La sculpture, suspendue par un fin fil noir, représente le corps d'un homme arc-bouté, dont les mains touchent presque les pieds. Ses côtes sont saillantes et sa tête est absente. Mais ce qui m'ébahit le plus, c'est l'impression de chute et de lévitation mélangées qui se dégage de l'œuvre.

— Parlons affaires, voulez-vous ? demande le directeur de la galerie.

— Assurément. Je suis venue ici pour cela, après tout, je réponds en me détournant de l'œuvre d'art.

Je m'installe sur une chaise tandis que l'homme prend place derrière son bureau, sur lequel est inscrit son nom. Ashlan de Sélène.

— Madame Hélianthus, notre galerie aimerait signer un contrat avec vous. Notre juriste a réalisé un premier exemplaire, que voici, et j'aimerais votre avis quant à ses termes.

Je lis le papier qu'il me tend. La paie n'est pas mal du tout, et les exigences, bien qu'élevées, sont raisonnables. Cependant, il manque un point essentiel pour moi.

— Tout est excellant, monsieur de Sélène, je déclare en reposant le contrat sur le bureau.
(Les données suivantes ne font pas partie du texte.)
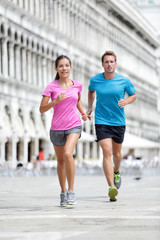 Running runner couple jogging in Venice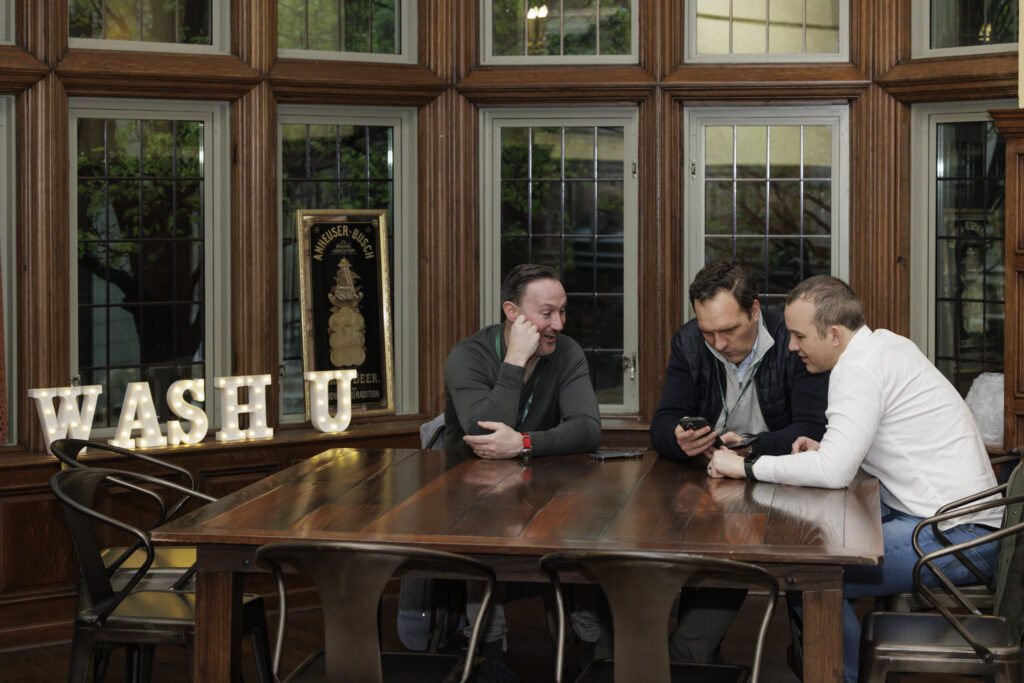 alums sitting next to WashU sign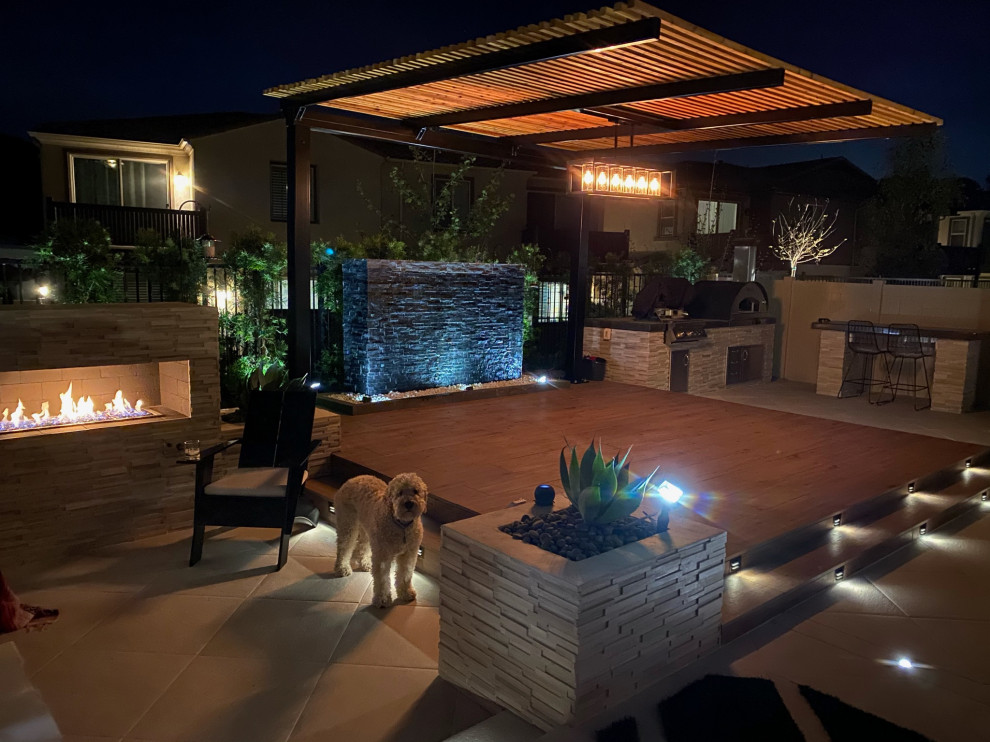 Design ideas for a mid-sized contemporary backyard full sun garden for summer in San Diego with a fire feature, concrete pavers and a vinyl fence.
Il y a tout de même une clause que je souhaiterais ajouter : une prime à la signature.

Fronçant légèrement les sourcils, il réfléchit quelques instants avant de me répondre.

— Je n'y vois pas de problème. Combien voulez-vous ?

— 40 000€.

— C'est beaucoup, sourit M. de Sélène. 30 000.

— 39 000.

— 33 000. Une belle somme, non ?

— 37 000. C'est ma dernière offre, je rétorque.

— Et pourquoi pas 34 000 ?

— Voyons, les commissions sur les ventes de mes tableaux compenseront rapidement l'écart. 37 000, ou rien.

C'est la somme qu'il me manque pour payer intégralement ma maison. J'ai besoin de cet argent.

— Marché conclu ? j'insite.

— Vous êtes dure en affaire, rit doucement le directeur de la galerie. J'accepte.

Je manque de défaillir de soulagement.

— Revenez demain à la même heure pour signer le contrat, ordonne-t-il.

— Je ne suis pas disponible à ce moment-là. Une heure plus tard, qu'en dites-vous ?

Il soupire avant d'accepter et de me congédier.